Harry Lawson: So another section is a smaller one, than control, is just the uniformity of the answers. So if I'm a Janes user and I'm using Janes, I expect when I'm looking at say, an equipment record in Janes, all the sections are going to be laid out the same. I'm going to find weapons first, and they're going to find propulsion after that. Same with any country Intel profile, stumbled on the MESI system, so I know where everything's going to be. Every time I look at with the LLM, the results it's giving you are going to differ based on first of all what you've asked it before. So it might contain information from those previous answers, or miss them out completely. Sometimes it will give you just a list of information, bullet points. Sometimes it'll just give you an image with some text underneath it. Sometimes it'll just be a massive paragraph you have to go wading through. Another thing with the uniformity as well is that, in some LLMs you can decide how focused, or unfocused you want that answer to be from the LLM. So you can choose a conversation to start. You can ask for more creative, which is storytelling. Write me a story about building a missile, it'll go do that for you. You can ask for more balanced, which is what I try and use. Or you can ask for more precise, which is, it will go looking for more bullet- pointed information.
Harry Kemsley: Right.
Sean Corbett: So that's just similar to, you would with an analyst. The more specific a question you ask, hopefully the more precise and specific an answer you get. But this is the gray area where, this is why it's called intelligence, because it's not complete information, that you come up with your best assessment based on all the other good things you know. And this is where, would an analyst on three consecutive days give you a different readout on whatever the exam question was? I'd like to think not. But you don't know really because you've got that unconscious bias, you've got the conscious bias. They might have read something recently, gone, oh, this adds to the weight of sourcing. So it's a really interesting one in terms of do you trust the LLM? Or do you trust the analyst? Or is it going to be a combination of both? If you're use... Sorry, just to finish. If you're using tried and tested analytical techniques, which we've talked about previously, then you should be coming up within a parameter of about the same, so what.

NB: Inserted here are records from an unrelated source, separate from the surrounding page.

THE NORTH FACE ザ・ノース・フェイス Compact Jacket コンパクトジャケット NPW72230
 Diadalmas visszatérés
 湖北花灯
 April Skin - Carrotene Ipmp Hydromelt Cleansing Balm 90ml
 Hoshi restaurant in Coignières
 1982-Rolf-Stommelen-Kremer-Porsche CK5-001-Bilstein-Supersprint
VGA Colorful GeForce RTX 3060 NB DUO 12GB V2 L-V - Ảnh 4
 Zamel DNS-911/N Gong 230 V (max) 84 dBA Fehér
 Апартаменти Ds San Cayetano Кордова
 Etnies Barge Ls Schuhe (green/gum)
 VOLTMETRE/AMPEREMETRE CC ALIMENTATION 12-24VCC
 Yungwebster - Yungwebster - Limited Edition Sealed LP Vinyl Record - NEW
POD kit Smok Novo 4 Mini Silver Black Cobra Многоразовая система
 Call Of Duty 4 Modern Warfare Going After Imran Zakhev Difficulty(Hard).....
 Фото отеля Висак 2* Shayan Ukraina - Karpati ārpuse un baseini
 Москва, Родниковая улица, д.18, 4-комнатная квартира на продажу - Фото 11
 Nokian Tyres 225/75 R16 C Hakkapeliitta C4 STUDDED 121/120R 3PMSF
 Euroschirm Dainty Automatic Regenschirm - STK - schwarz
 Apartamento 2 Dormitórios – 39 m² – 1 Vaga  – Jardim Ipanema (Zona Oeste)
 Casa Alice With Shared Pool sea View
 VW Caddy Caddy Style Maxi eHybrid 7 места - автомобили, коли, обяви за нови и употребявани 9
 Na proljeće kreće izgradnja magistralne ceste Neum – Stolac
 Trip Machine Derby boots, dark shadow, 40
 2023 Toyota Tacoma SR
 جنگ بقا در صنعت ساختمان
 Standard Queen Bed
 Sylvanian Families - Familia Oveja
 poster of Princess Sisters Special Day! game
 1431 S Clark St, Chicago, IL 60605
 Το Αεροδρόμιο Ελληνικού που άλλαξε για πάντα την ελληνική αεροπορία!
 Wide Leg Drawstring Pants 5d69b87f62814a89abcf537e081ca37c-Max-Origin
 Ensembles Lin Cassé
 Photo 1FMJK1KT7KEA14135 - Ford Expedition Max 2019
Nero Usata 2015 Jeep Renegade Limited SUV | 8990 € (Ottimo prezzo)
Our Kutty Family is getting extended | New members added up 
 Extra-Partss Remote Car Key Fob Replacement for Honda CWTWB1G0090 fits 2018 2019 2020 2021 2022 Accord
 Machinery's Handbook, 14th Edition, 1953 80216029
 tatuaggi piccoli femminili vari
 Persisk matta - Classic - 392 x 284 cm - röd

Harry Kemsley: Yeah, so presumably, you could set up your interaction with an LLM, almost templating the style, the sources, and the way you would ask the question, to try and get a consistency, in both the answer and the quality answer. Could you? Sorry, it's a question on the statement. Could you actually do it?
Harry Lawson: Yes. If you developed a particular REG interface for that, then yes, you can say, I only want to look at these sources. I only want these types of answers. But that's something that becomes more of a paid partnership with other people, because inaudible to do that for you.
Harry Kemsley: And for the open source environment that we're talking about, and the listeners that we have, who range from governments to academics, to people who are just interested in the intelligence world, I suppose the tools that were available to them depend on what they're prepared to spend money and time.
Harry Lawson: Exactly. Yeah.
Harry Kemsley: All right. Okay, so we talked about control, talked about uniformity. Replication was one you alluded to earlier, in terms of visibility to give the same answer twice.
Harry Lawson: Yes. So this was something I first spotted when, as part of the red team, I'm trying to record the answers I'm getting anyways. So that's something we can go back through, find if there's information that Janes has missed, is there anything we need to add in? And I found when I was trying to copy the URLs for the LLM I'm using, I'd get the massive URL, we know the search number, and all that stuff. But when I went to click back to it, it would just take me straight back to the top of the LLM home page. So all that conversation had disappeared for me. And I waved a little flag in my head saying, what if I wanted to repeat this again and again and again, looking for that same answer, that's going to become an issue for me. So I did ran a little experiment with this. What I did is, I took one of those sub questions. I took the question, how many of each tank variant does Ukraine have? I'm expecting just a nice list answer, bullet points, they've got this, they've got this. I asked the LLM that same question at the same time every day for 11 days to see what would happen. And the changes were quite impressive in those answers. As part of this, I was resetting the VPN every day. I was running it through ghost email accounts when I was logging in to Microsoft to start using the LLM. So hopefully none of those cookies should be-
Harry Kemsley: So it wasn't remembering that it was you from yesterday at 11 o'clock?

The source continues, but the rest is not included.